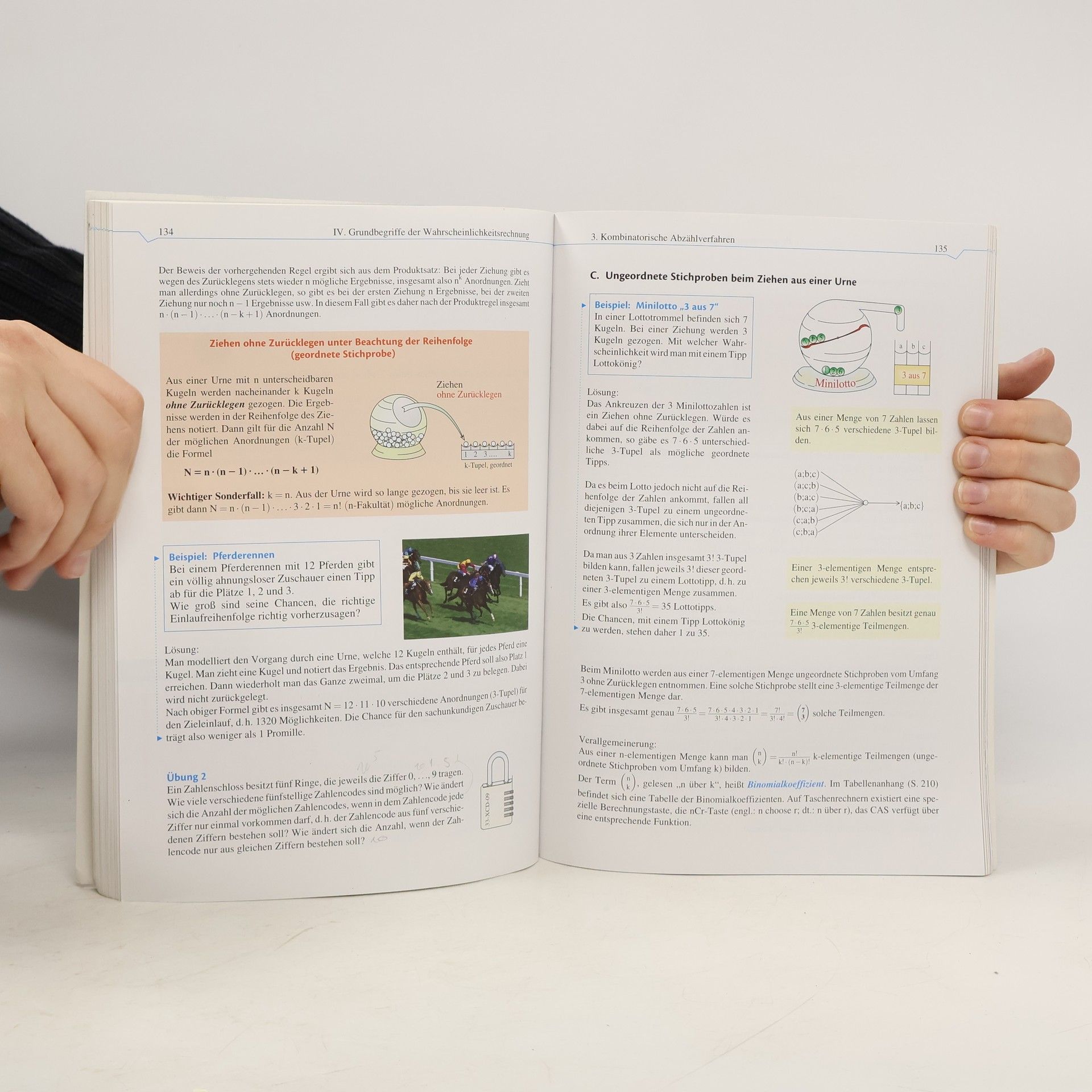Various authors Mathematik. Grundkurs ma-2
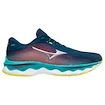 Herren Laufschuhe Mizuno  Wave Sky 5 Gibraltar Sea  UK 12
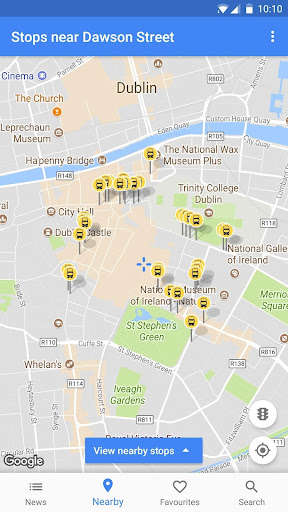 Run android online APK Dublin Bus Pal from MyAndroid or emulate Dublin Bus Pal using MyAndroid Run android online APK Dublin Bus Pal from MyAndroid or emulate Dublin Bus Pal using MyAndroid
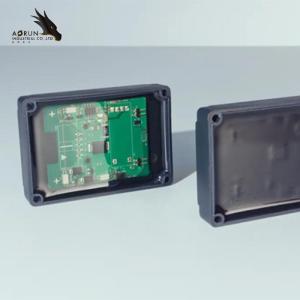 1:1 AB Fast Dry Two Part Epoxy Hardener ROHS Quick Cure Clear Light Yellow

_ _ _ _

Task prompt:
What is needed is the whole listing again, exactly as written, with the images left out.

Answer area:
Various authors Mathematik. Grundkurs ma-2
 Herren Laufschuhe Mizuno  Wave Sky 5 Gibraltar Sea  UK 12
 Run android online APK Dublin Bus Pal from MyAndroid or emulate Dublin Bus Pal using MyAndroid Run android online APK Dublin Bus Pal from MyAndroid or emulate Dublin Bus Pal using MyAndroid
 1:1 AB Fast Dry Two Part Epoxy Hardener ROHS Quick Cure Clear Light Yellow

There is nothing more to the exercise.